• _Data supplied_:
+===+

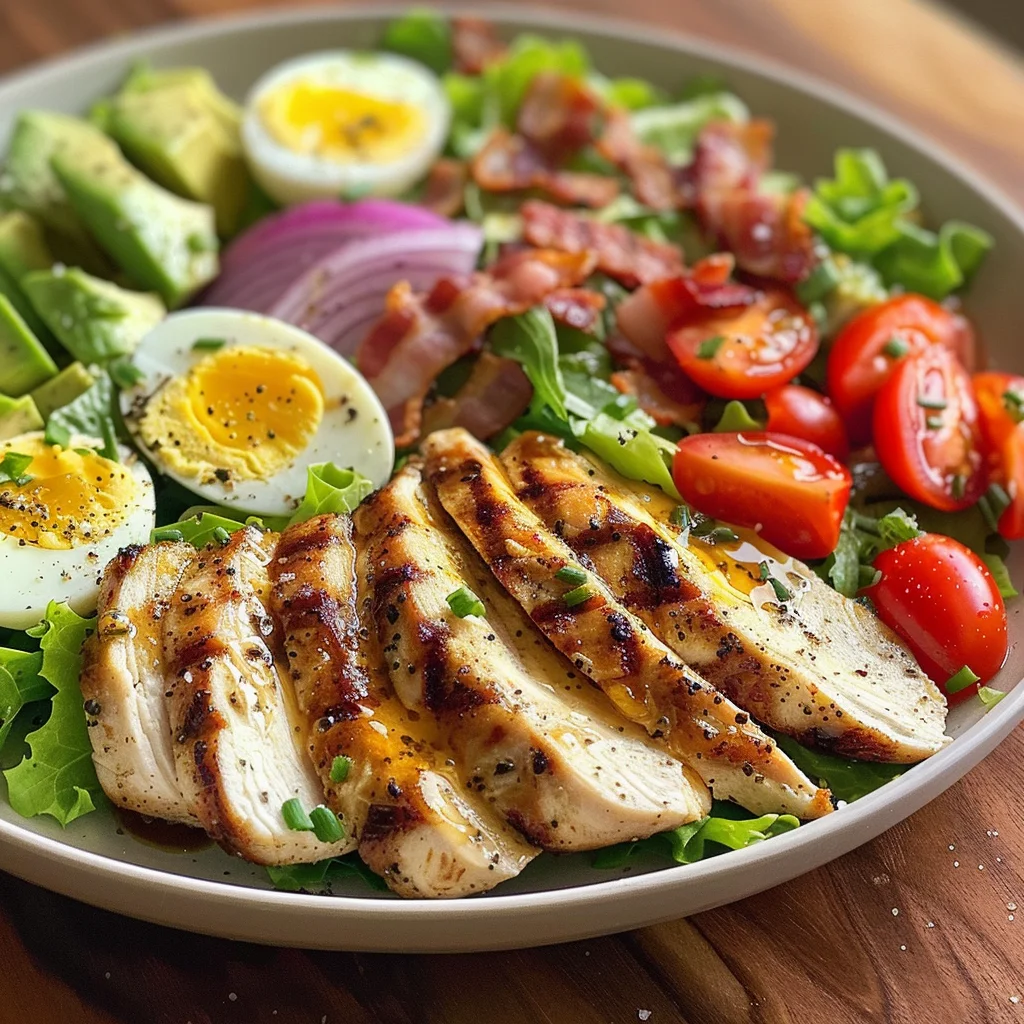Grilled Chicken Cobb Salad with Honey Dijon {Paleo, Whole30 Option}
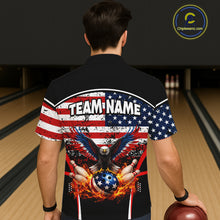 Load image into Gallery viewer, American Flag Eagle Flame Bowling Hawaiian Shirt Custom patriotic  Team Bowling Button-up Shirt NQS11735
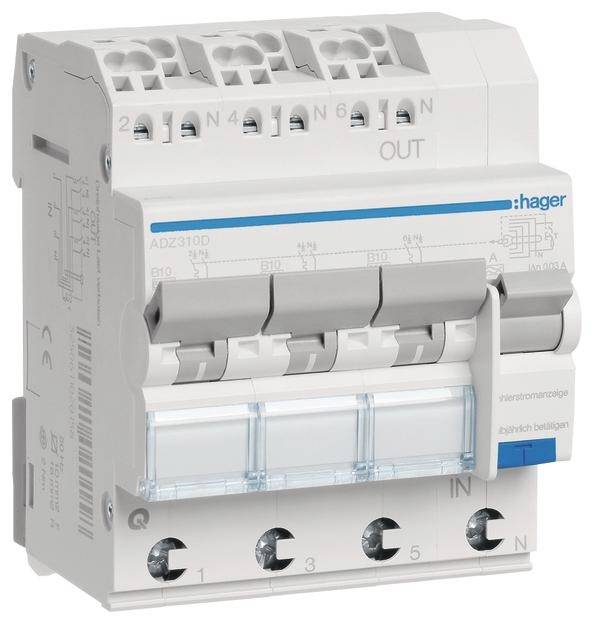 En elektrisk kretsbrytare från Hager, modell ADZ310D, med switchar och anslutningar för styrning av elektriska kretsar.
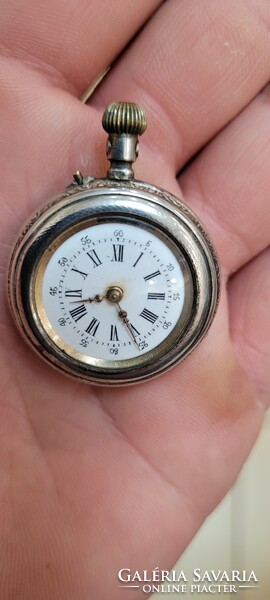 Antique silver remontoir cylindre women's pocket watch.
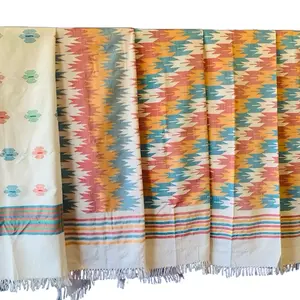 Dhaka Original Women's Ware Shawl - Colorful Design with Fringe, Ideal for Casual Wear and Layering - Top, Shirts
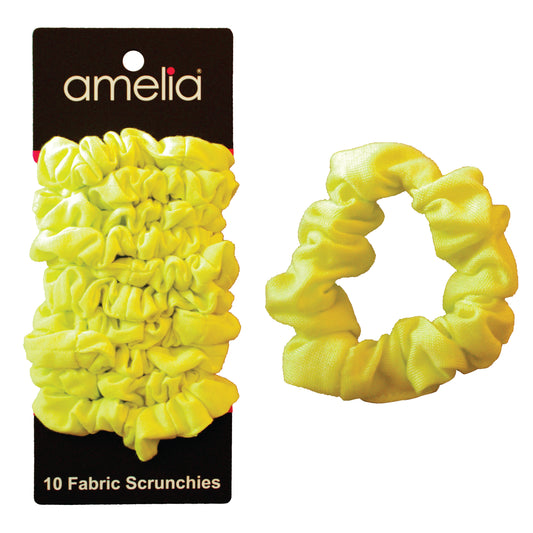 Amelia Beauty, Medium Neon Lime Jersey Scrunchies, 2.5in Diameter, Gentle on Hair, Strong Hold, No Snag, No Dents or Creases. 10 Pack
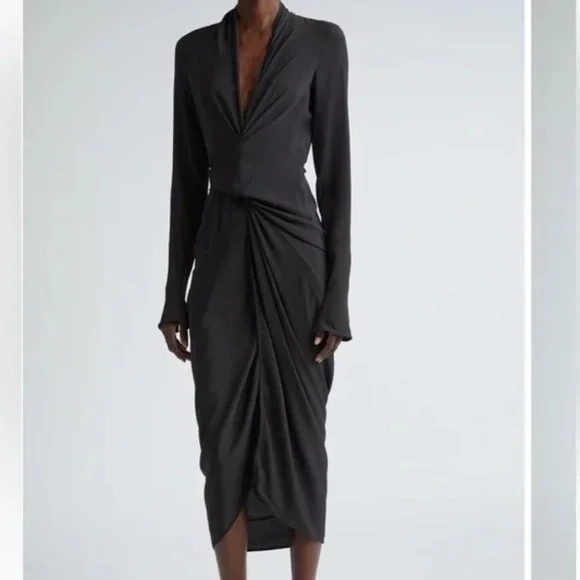 Rick Owens Drape Long Sleeve Wrap Dress Size 40 - Picture 2 of 13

+===+

• _Exercise description_: From the first line above through the line containing "Dhaka Original Women's", copy everything exactly, without the pictures.

• _Response to this exercise_:
Grilled Chicken Cobb Salad with Honey Dijon {Paleo, Whole30 Option}
 Load image into Gallery viewer, American Flag Eagle Flame Bowling Hawaiian Shirt Custom patriotic  Team Bowling Button-up Shirt NQS11735
 En elektrisk kretsbrytare från Hager, modell ADZ310D, med switchar och anslutningar för styrning av elektriska kretsar.
 Antique silver remontoir cylindre women's pocket watch.
 Dhaka Original Women's Ware Shawl - Colorful Design with Fringe, Ideal for Casual Wear and Layering - Top, Shirts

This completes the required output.